From next month, China will require some companies with large amounts of user data to get approval from regulators to list overseas.
The network security review process, which was first proposed last year, will be implemented by the increasingly powerful Cyberspace Administration (CAC) of China on Feb. 15 as the country continues to tighten regulation on its domestic technology sector.
Internet platforms holding personal information of more than 1 million users must apply for a network security review with the regulators before carrying out an initial public offering (IPO) abroad.
The rules are aimed at companies that carry out data processing activities which could affect national security, the CAC said.
If the regulator finds that a company’s data processing activities do not endanger national security, then an overseas listing can proceed.
Beijing has introduced a slew of new regulation on the tech sector over the past year as it looks to reign in the power of the country’s giants and stamp out anti-competitive behavior.
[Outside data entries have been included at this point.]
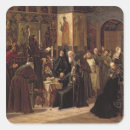 Recherche de icône orthodoxe autocollants Russe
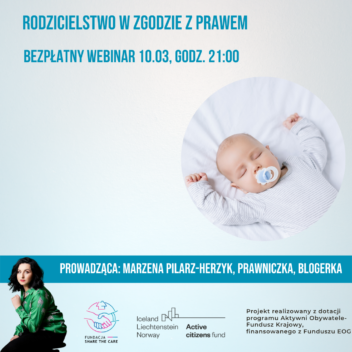 Webinar Prawny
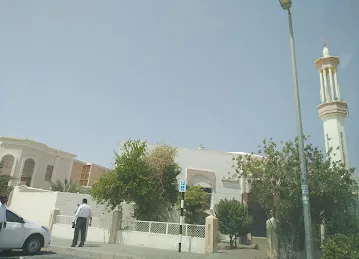 Bilal Abdulla al Motawwaa al dhaheri Masjid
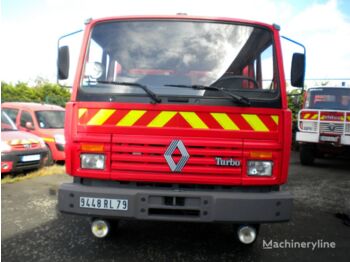 Vatrogasni kamion RENAULT S150 TI: slika 1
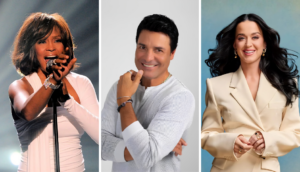 15 cantantes famosos que comenzaron sus carreras en coros de iglesias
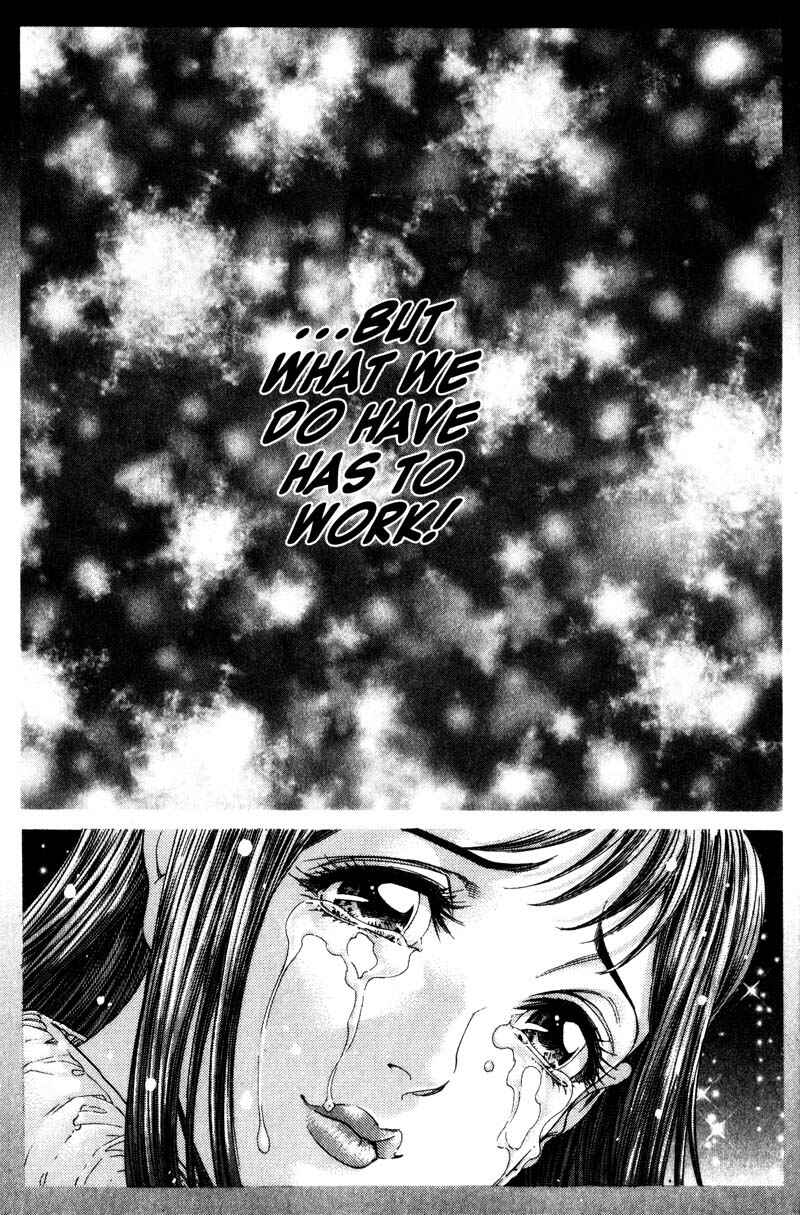Page 24 Chapter 119 Battle Royale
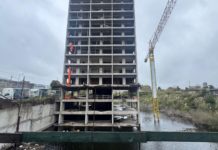 El Estado municipal impulsa en la Justicia la demolición del predio Floreal del Sol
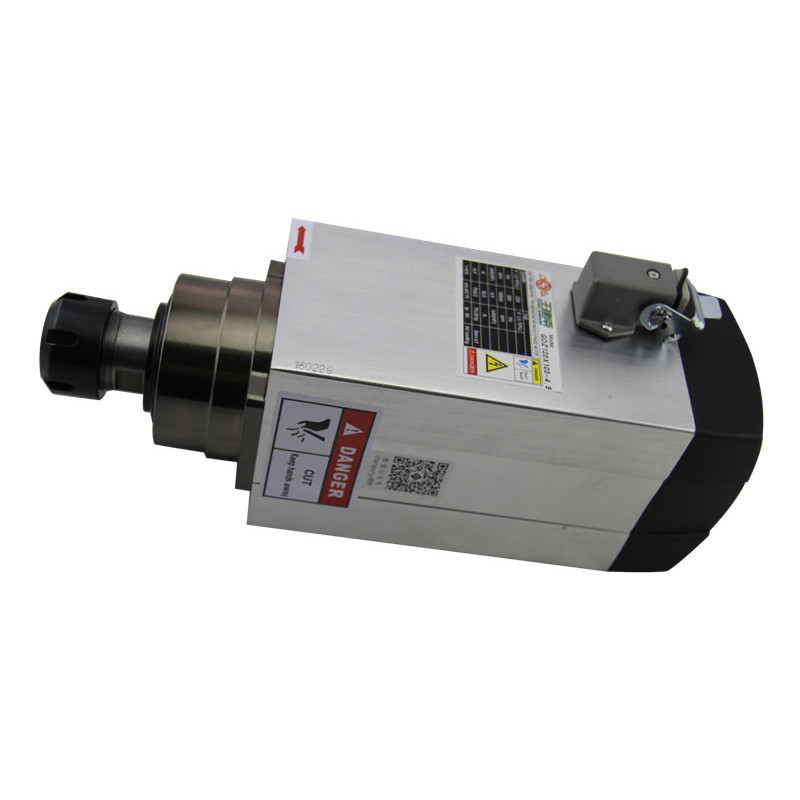 Шпиндель GDZ 120x103-4.5 (ER32) 380 В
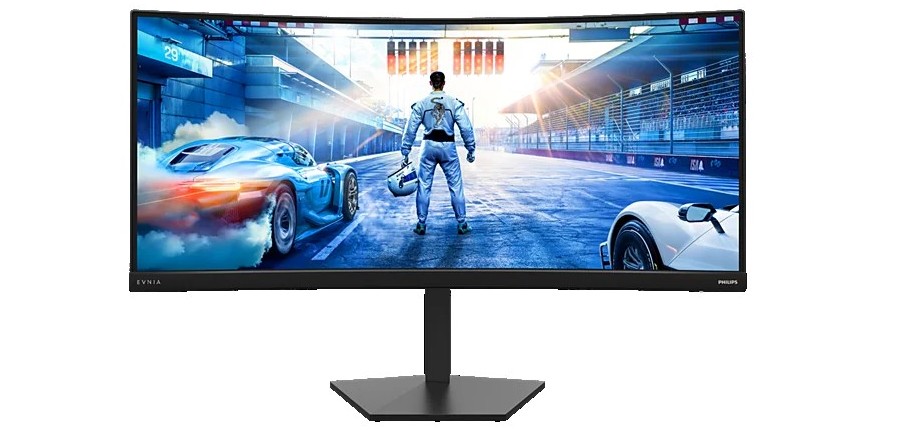 Philips Evnia 36M4C5500P 2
Data has been a key focus for the government. Last year, China passed its first major data protection law.
The country also opened its first cybersecurity review last year in a probe into ride-hailing giant Didi just days after its IPO in the U.S. The company reportedly drew the ire of regulators by listing in the U.S. without carrying out a review first. In December, Didi said it would delist from the New York Stock Exchange and target a listing in Hong Kong instead.
Hong Kong has become a popular destination for Chinese technology IPOs amid increasing regulation and uncertainty around the ability for Chinese firms to list overseas.